Triglycerides and diet

NEW YORK Clarise Woods didn't worry about heart disease. There was none in her family. But Clarise's blood was loaded with triglycerides, a type of fat that responds to cutting down on fatty foods in the diet.

"I'm a beef lover, so I changed to fish, turkey and I eat beef once in a while, but not like I did before, " Woods said.

Why should Clarise change what she eats? Because triglyceride fats in the blood are directly related to an increased risk of strokes and heart attacks, even when cholesterol levels are normal.

Dr. James Underberg is with N.Y.U. Medical Center. It turns out that only about 25 percent of people who have heart attacks have bad LDL cholesterol. In fact, if you look at people admitted to the hospital with heart attacks, many of them have normal cholesterol levels."

The normal triglyceride level in blood is 150. But heart disease risk starts at 80 to 90 in women and in men at 120 to 130.

High blood triglycerides can increase your risk of heart attack and stroke. So is there anything you can do about it?

You can do as Woods did - reduce fat in the diet, cut down on red meats, eat more fish and chicken, eat more vegetables and exercise, which also can help raise the level of good cholesterol in the blood.

What pills do you take? Oral contraceptives and hormone replacement therapy contain estrogens, which can raise triglycerides. So estrogens are a reversible cause.

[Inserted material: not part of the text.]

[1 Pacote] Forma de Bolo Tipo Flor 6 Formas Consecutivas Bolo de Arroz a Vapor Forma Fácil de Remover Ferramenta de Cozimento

"If triglycerides are elevated, it's important to think of what the reversible causes are before moving onto medications that treat elevated triglycerides," Dr. Underberg said.

There are several medications that will bring down high levels of these bad fats, but why take them if you can stop drugs which push the levels up, or change your eating habits? On that new diet, Woods dropped her triglycerides from a high of 500 to a normal level.